LIBELLO
SEQUERCIANI

All’inizio degli anni Novanta, Ruedi Gerber cercava in Maremma una casetta per le sue vacanze. Arrivato a Tatti, capisce subito che la Toscana delle pievi e dei cipressi, con quella spiritualità da cartolina, stereotipata e posticcia, non abita qui. Al contrario, si ritrova in una terra selvatica e venata di asprezze, odorosa di macchia e di resine, dove la luce abbacina e la gente va per le spicce e conserva diffidenza. Ma la diffidenza della gente, per uno che è nato in Svizzera, deve essere l’ultimo dei problemi. E infatti Gerber, cineasta con il bernoccolo del documentario e un naturale talento per l’osservazione e l’ascolto, rimane presto soggiogato da una bellezza animata da tanti contrasti. E si avventura in un’impresa ben più impegnativa del piccolo acquisto che aveva messo in preventivo: è il genius loci a dettare le regole e a stravolgere il business plan. «Ho comprato una casa con della terra per trasformarla in una terra con una casa». Prima la terra, dunque: il progetto del Podere Sequerciani mette subito avanti la sua identità agricola e se ne fa vanto. Ecco perciò il grano, coltivato in biodinamica nelle storiche varietà Senatore Cappelli e Verna; ecco il vecchio uliveto con le cultivar locali, tra le quali il raro Lazzero; ed ecco il vigneto, anche questo orientato verso il coraggioso recupero di varietà autoctone quali pugnitello e foglia tonda, e risolutamente condotto secondo i dettami della biodinamica. I primi imbottigliamenti esplorano diverse strade e cercano di prendere le misure all’espressività dei vitigni, specie per quanto riguarda gli affinamenti in anfora.

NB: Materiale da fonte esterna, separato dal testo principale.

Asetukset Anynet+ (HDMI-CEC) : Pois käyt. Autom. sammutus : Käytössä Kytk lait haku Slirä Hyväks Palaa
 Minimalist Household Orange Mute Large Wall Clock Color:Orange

Una terra selvatica e venata di asprezze, odorosa di macchia e di resine, dove la luce abbacina e la gente va per le spicce e conserva diffidenza

Come spesso accade in questa fase ancora embrionale, sarà perciò nei vini più semplici che andranno cercati gli esiti più convincenti. Non fa eccezione il Libello, un rosso che coniuga sangiovese e ciliegiolo nel segno della bevibilità: agile, succoso, di invidiabile spontaneità espressiva, sembra plasmato dallo stesso dinamismo di certa danza postmoderna a cui Gerber ha dedicato i suoi documentari artistici. Magari non avrà l’afflato rivoluzionario di Anna Halprin o Trisha Brown, ma sprigiona un’energia altrettanto inarginabile.